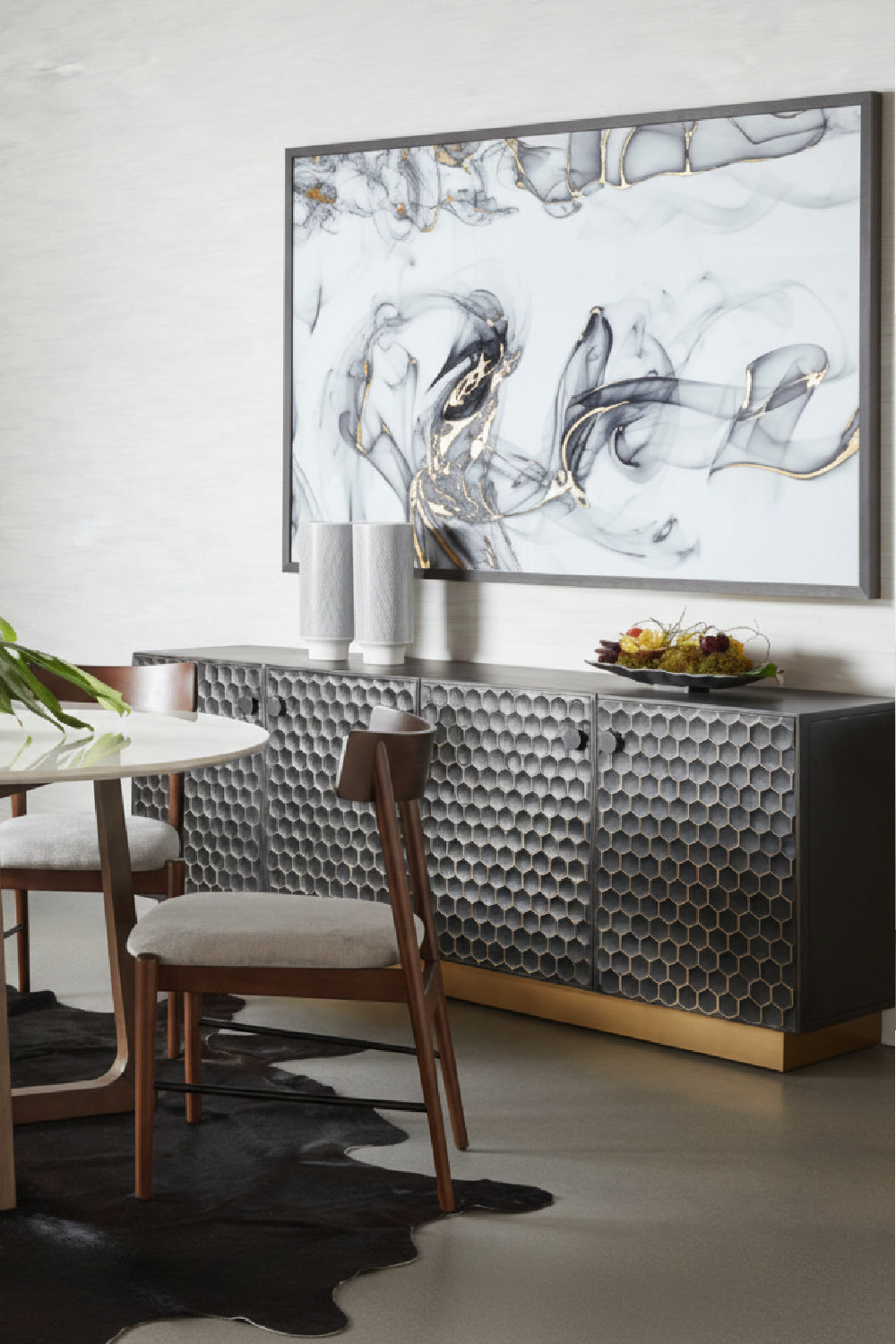 Black Iron Honeycomb Pattern Sideboard by Splendido Hive, alternate view 10
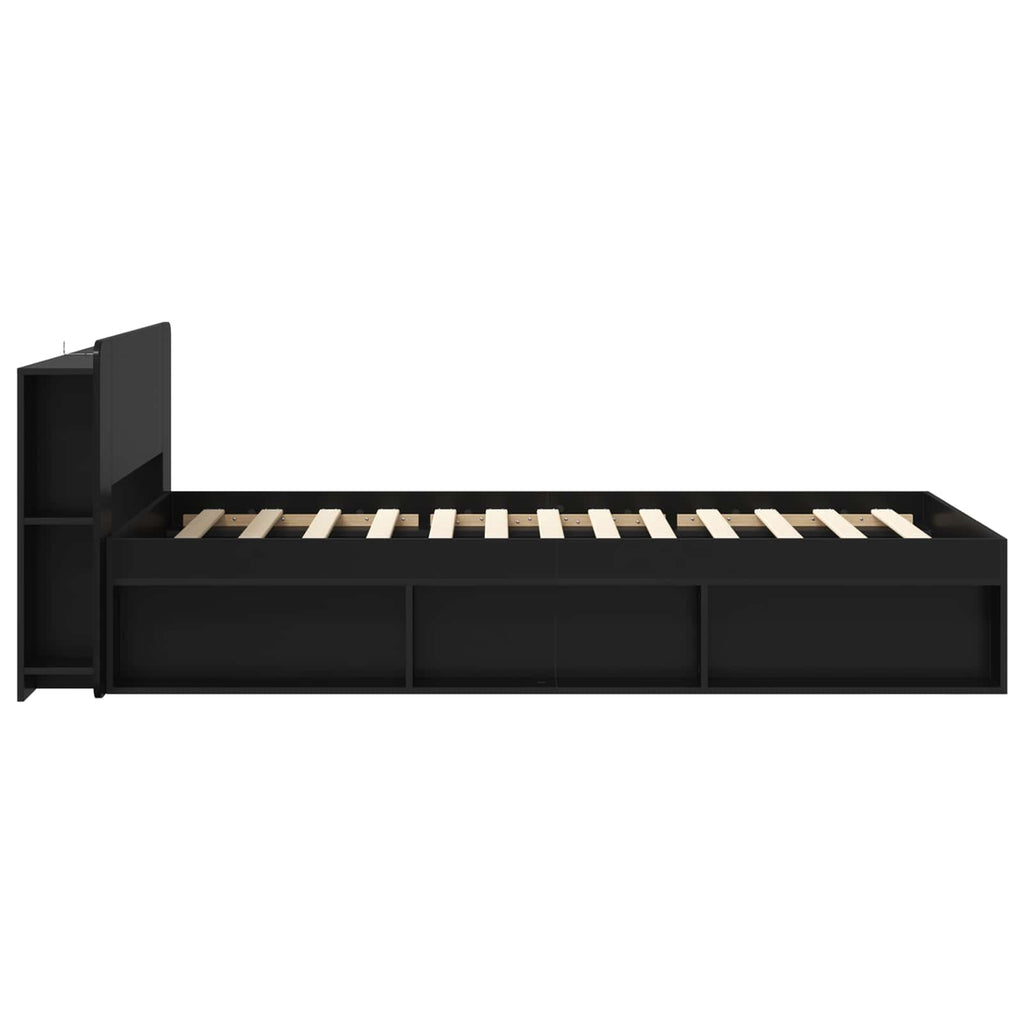Bettgestell mit Stauraum Schwarz 100 x 200 cm Holzwerkstoff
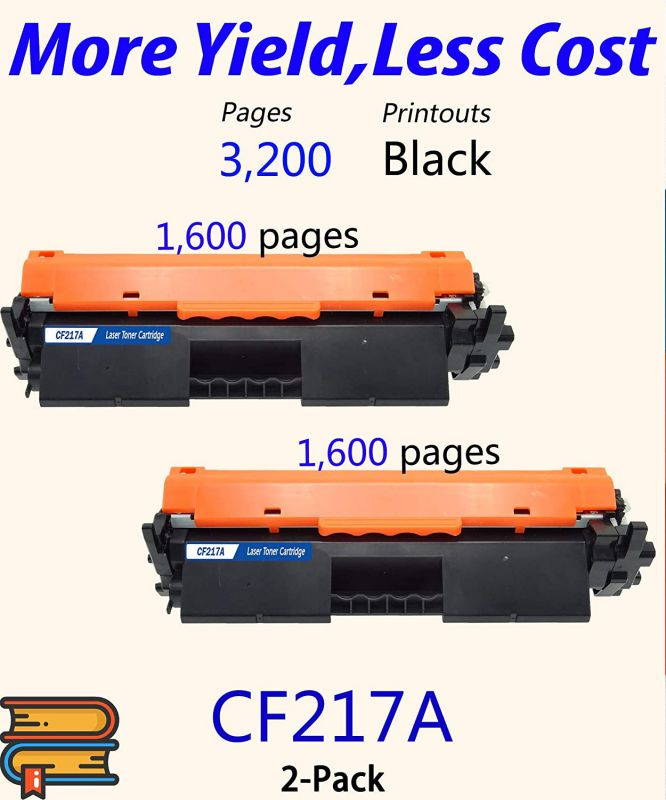 2-Pack ColorPrint Compatible CF217A Toner Cartridge Replacement for 17A 217A 19A CF219A Work with Laserjet Pro M102 M130 Series M102w M102a MFP M130fn M130nw M130fw M130a Printer (Black)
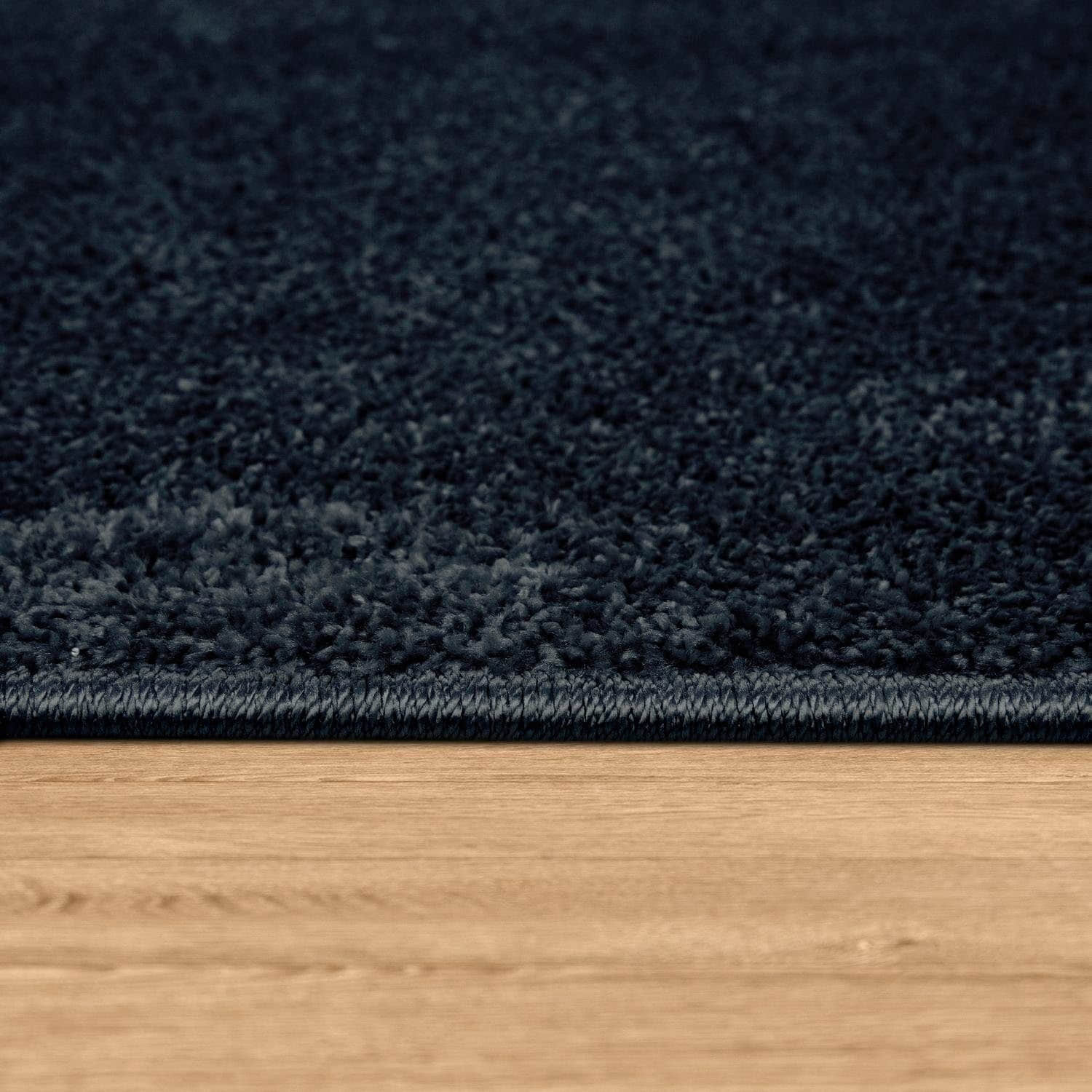 Paco Home Teppich Porto 890 | Premium Kurzflor-Teppich (13mm Höhe, 2.0kg/m²) in eleganten Uni-Farben | Ideal für Wohnzimmer & Schlafzimmer navy-blau Paco Home Teppiche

### Work item
The output should hold only the lines from the one containing "2-Pack ColorPrint Compatible" through the last line of the listing, reproduced exactly, pictures omitted.

### Reply
 2-Pack ColorPrint Compatible CF217A Toner Cartridge Replacement for 17A 217A 19A CF219A Work with Laserjet Pro M102 M130 Series M102w M102a MFP M130fn M130nw M130fw M130a Printer (Black)
 Paco Home Teppich Porto 890 | Premium Kurzflor-Teppich (13mm Höhe, 2.0kg/m²) in eleganten Uni-Farben | Ideal für Wohnzimmer & Schlafzimmer navy-blau Paco Home Teppiche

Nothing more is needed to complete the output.